昨日NHKの「プロフェッショナルの条件」を見ていて、「短所は長所に変わる」ということを聞いた。少なくとも可能性があるということだ。
例えば、私はいまでは数学好きな人間と思われているが、決してそうではなかった。多くの人が理系志望から文系志望に変わるという現象が日本ではある。これは大抵数学ができないためである。しかし、その反対に少数だが純然たる文系人間から理系に変わる人もいる。
私が文系から理系に変わったというつもりはないが、日本でもいくつかの知られた例はある。数学者の八杉真利子さんは哲学か科学基礎論専攻から転向したのだし、もっと若い人では新井紀子という数理論理学者がいる。
彼女は法律か何かを専攻していたらしいが、いまではいくつかの啓蒙的な数学書を書いている。二人とも数理論理学とか数学基礎論を専攻しているところがちょっと似ている。また、アメリカで勉強をしたところも同じだ。新井さんの本を買って読もうかと思いながらまだ果たしていない。
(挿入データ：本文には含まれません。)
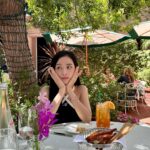 Kim Jisoo Instagram - 🍊 ᘏ▸◂ᘏ ꒰ ɞ̴̶̷ ·̮ ɞ̴̶̷ ꒱ />🥨c ♡ The Beverly Hills Hotel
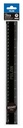 Flex&Resistant black 30 cm ruler, Shadow special series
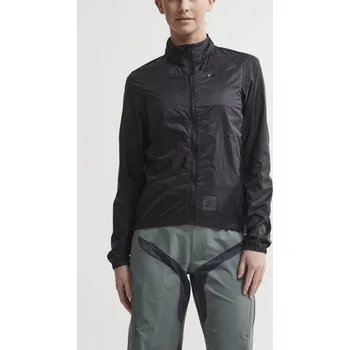 Cyklistická bunda Bunda Craft Hale XT dámská černá XL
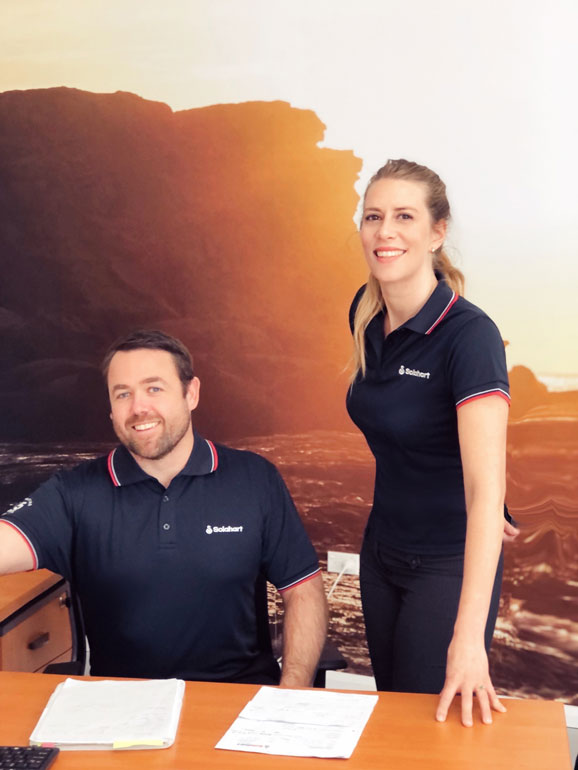 Nat and Rob from Solahart Wollongong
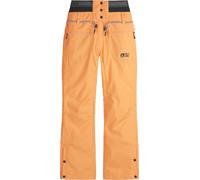 Picture Organic Clothing - Pantalon de ski imper-respirant - Treva Pants Tangerine pour Femme - Taille XS - Orange Orange XS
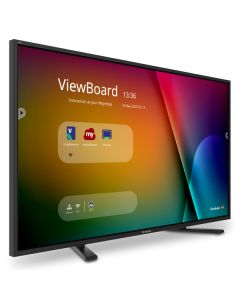 Viewsonic IFP4320 computer monitor 109.2 cm (43") 3840 x 2160 pixels 4K Ultra HD LCD Touchscreen Black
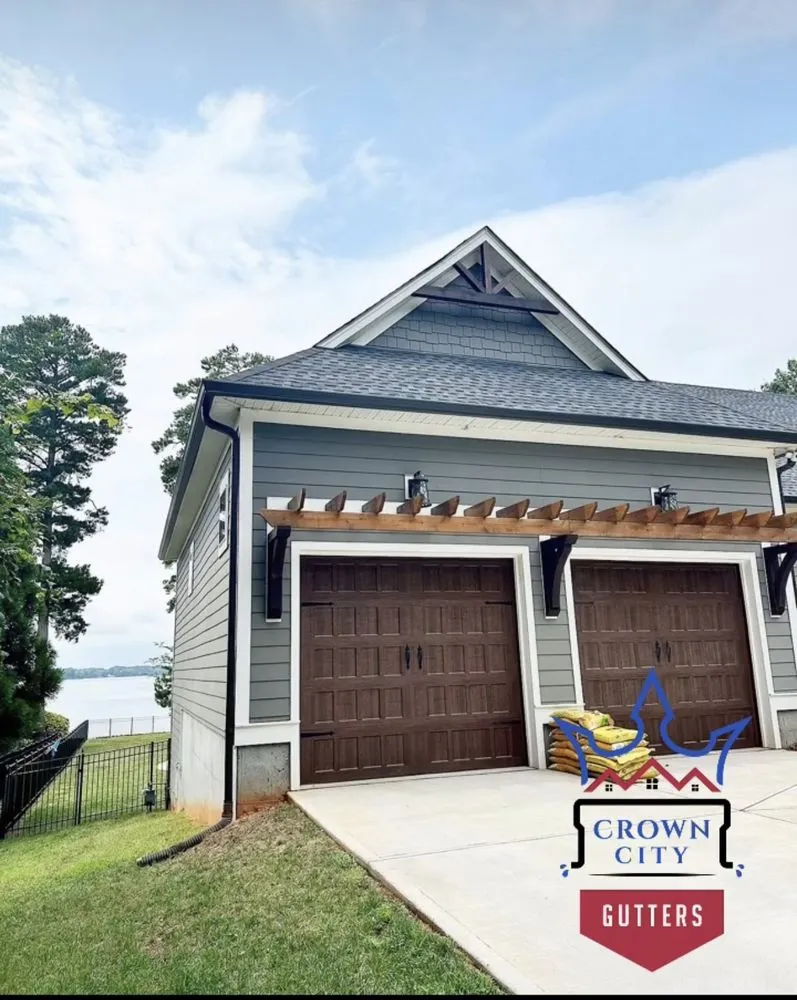 Slide of Crown City Gutters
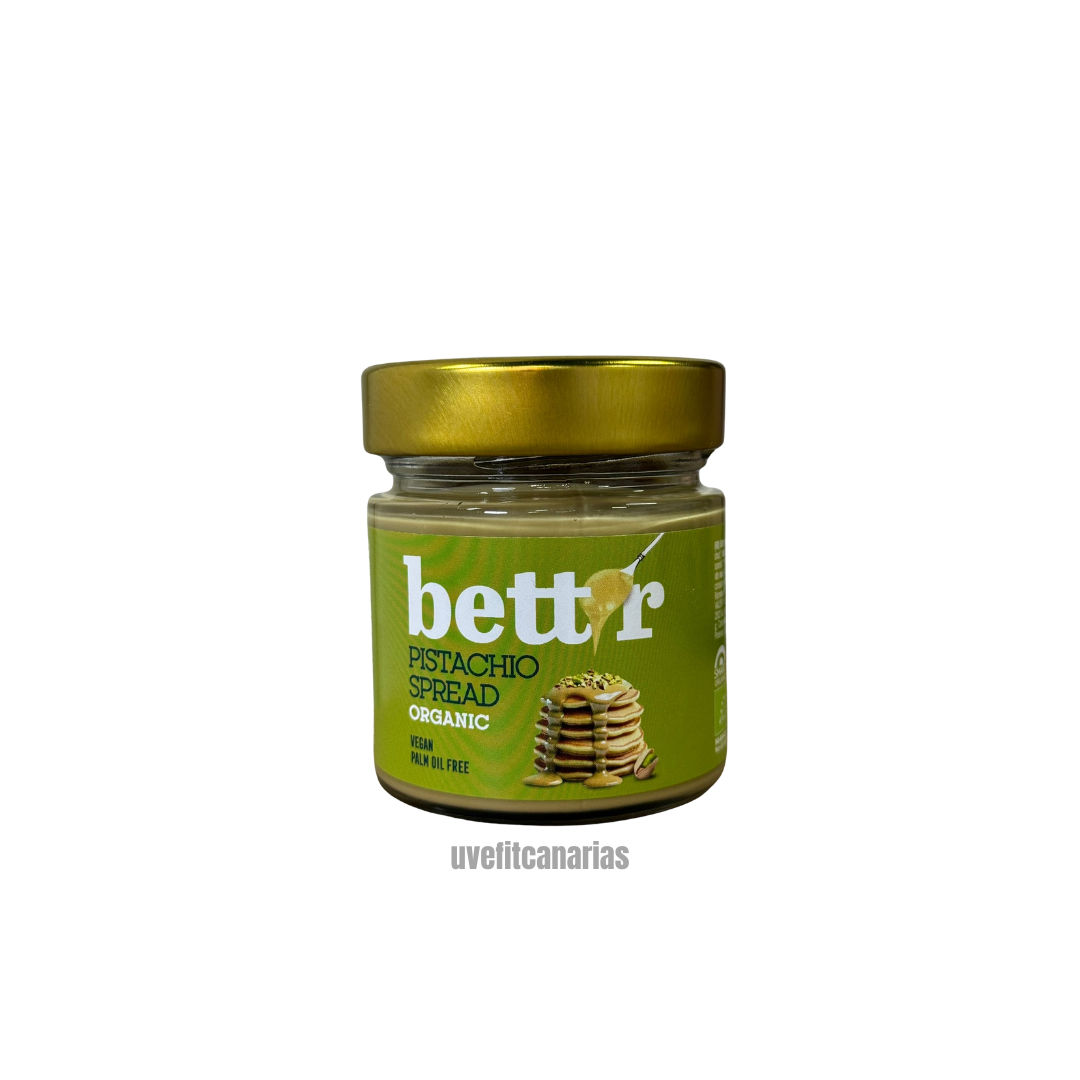 Crema de pistacho, 200gr - Bett´r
また竹内薫という名で物理の啓蒙書を書いている人もはじめは東大経済学部か何かの出身である。もっとも竹内さんの場合はその後東大の物理学科に学士入学して、物理学科を卒業している。大学院はカナダのMc-Gill大学だと思う。
数学の得意な理系出身の人が数理経済をする例は多い。これは理系から文系への転進とは一概に言えないだろう。私の子どももその範疇に属している。
外国では有名なノーベル賞学者のde Broglieは30歳くらいまで西洋史の専攻だったというし、素粒子理論のスーパーストリングで有名なある学者は先年数学でフィールズ賞を受けたが、彼はやはりはじめは大学で文系の学問を修めていたとかいう(2013.12.9 付記)。
私はまだ現在のところまだ図を描くのが下手だが、そのうちにいずれかのグラフィックスを習得して弱点が克服されるかもしれない。
大学でドイツ語を習ったときにその語法がまったく理解ができず、これを克服することが困難な課題であったが、現在ではカタコトでもドイツ語を話せるようになった。もちろんその間には涙ぐましい努力があったはずだが、そういう風に自分で思ったことはない。
数学だって高校のときに因数分解ができず、また方程式と恒等式の区別を知らなくて大いに数学の学習で苦労した。そして、それを克服するのに多くの時間がかかった。だが、そういう経験が今に生きていると思う。もし私が高校のときに数学をなんなく理解して得意であったのなら、現在の私はないだろう。
(2013.12.9 付記) この学者の名前はWittenであった。どうしたものかこのブログを書いたときには度忘れをしていたが、物理学者の亡くなった木村利栄先生のこと思い出したときに、このWittenという名前も同時に思い出した。木村さんがWittenがどうとか言われていたということを。